|477th Fighter Group
477th Fighter Group - F-22A Raptor
|Active||1943; 1944-1947; 2007-present|
|Branch||United States Air Force|
|Part of||Air Force Reserve Command|
|Garrison/HQ||Joint Base Elmendorf-Richardson, Alaska|
|Decorations||Air Force Outstanding Unit Award|
|Benjamin O. Davis, Jr.|
|477th Fighter Group emblem (approved 5 October 2007)|
|477th Bombardment Group emblem|
|Fighter||Lockheed Martin F-22A Raptor|
The 477th Fighter Group is an Air Reserve unit of the United States Air Force. It is assigned to the Tenth Air Force, Air Force Reserve Command, stationed at Joint Base Elmendorf-Richardson, Alaska. The 477th FG is an associate unit of the 3d Wing of Pacific Air Forces (PACAF), and if mobilized the wing is gained by PACAF.

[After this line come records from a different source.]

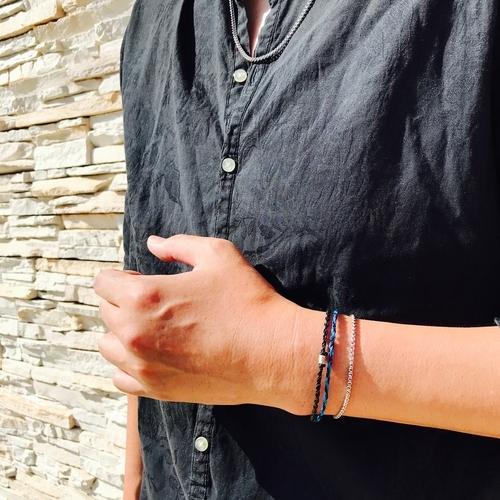 カレンシルバー ブレスレット メンズ シルバー925 ミサンガ つけっ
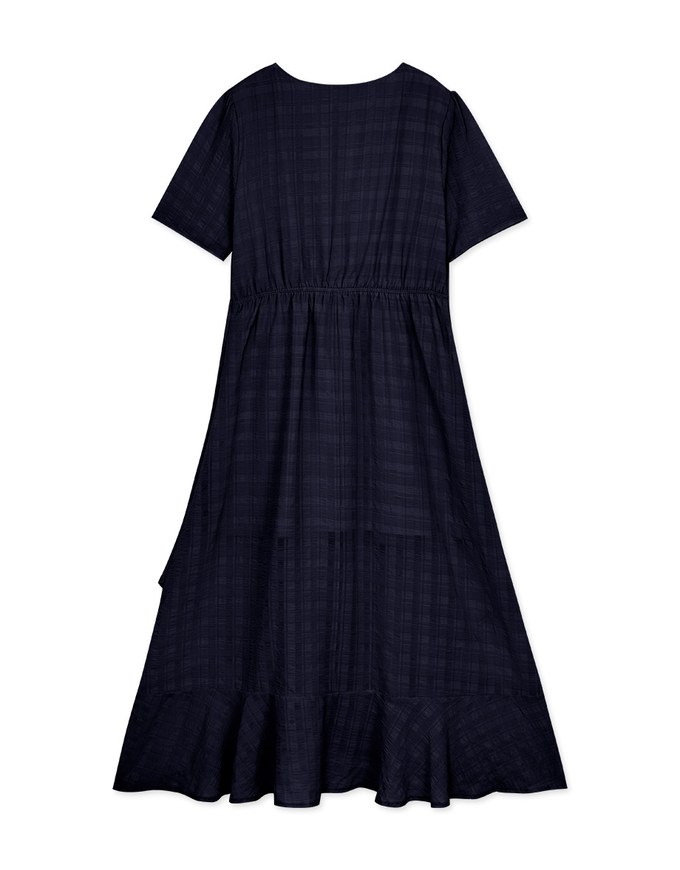 Sweet Sultry Textured Ruffled Maxi Dress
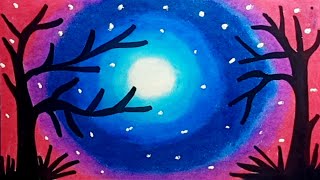 How To Draw Moonlight Scenery Easy |Drawing Moonlight Scenery Step By Step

The 477th Fighter Group was reactivated on 1 October 2007 as the first Air Force Reserve unit to fly, maintain, and support the Lockheed Martin F-22 Raptor. The group is an associate unit responsible for recruiting, training, developing and retaining Citizen Airmen to support 3d Wing and Air Force expeditionary unit mission requirements.
The 477th Fighter Group provides a combat-ready force of approximately 425 Air Reserve Technicians, Traditional Reservists, and civil servants assigned to the following squadrons:
The men and women of the 477th Fighter Group will functionally integrate with their active duty Air Force partners in almost all F-22A mission areas to increase efficiency and overall combat capability while retaining Reserve administrative support and career enhancement. The 477th Fighter Group will leverage the traditional Reserve Component strengths of experience and continuity to fly, and fight, and win as Unrivaled Wingmen on the Total Force team at Elmendorf.
The 477th was originally established in May 1943 at MacDill Field, Florida as the United States Army Air Forces 477th Bombardment Group (Medium). Assigned to Third Air Force, the group trained with Martin B-26 Marauder medium bombers. The unit was subsequently inactivated on 25 August 1943.
The 477th was reactivated as the 477th Composite Group at Selfridge Field, Michigan on 15 January 1944 and assigned to First Air Force. The 477th's new mission was to train what would become the legendary World War II African-American aviators known as the Tuskegee Airmen with Republic P-47 Thunderbolt fighters and North American B-25 Mitchell bombers. During World War II, continued pressure from African-American civilian leaders led the Army to let blacks train as members of bomber crews, a step that opened many more skilled combat roles to them.
The morale of the 477th was poor because the field was not suited to use by the B-25 and because black officers, including combat veterans of the 332d Fighter Group who had transferred to the bomber unit, were not being advanced to command positions. By early 1945, however, the 477th reached its full combat strength. It was scheduled to enter combat on 1 July, which made it necessary to relocate once more, this time to Freeman Field, a base fully suited to use the B-25.
At Freeman Field, the Freeman Field Mutiny took place as a result of racial discrimination. As a result of the protest, the 477th was relocated back to Godman Field. Colonel Benjamin O. Davis, Jr., took command on 1 July, and black officers replaced white officers in lower command and supervisory positions. Training was to be completed by 31 August, but the war ended on 14 August with Japan's surrender.
Never deployed in combat, the 477th was downsized when the war ended. In 1946, it was reassigned to Lockbourne Army Air Base, Ohio. On 1 July 1947, the 477th was inactivated.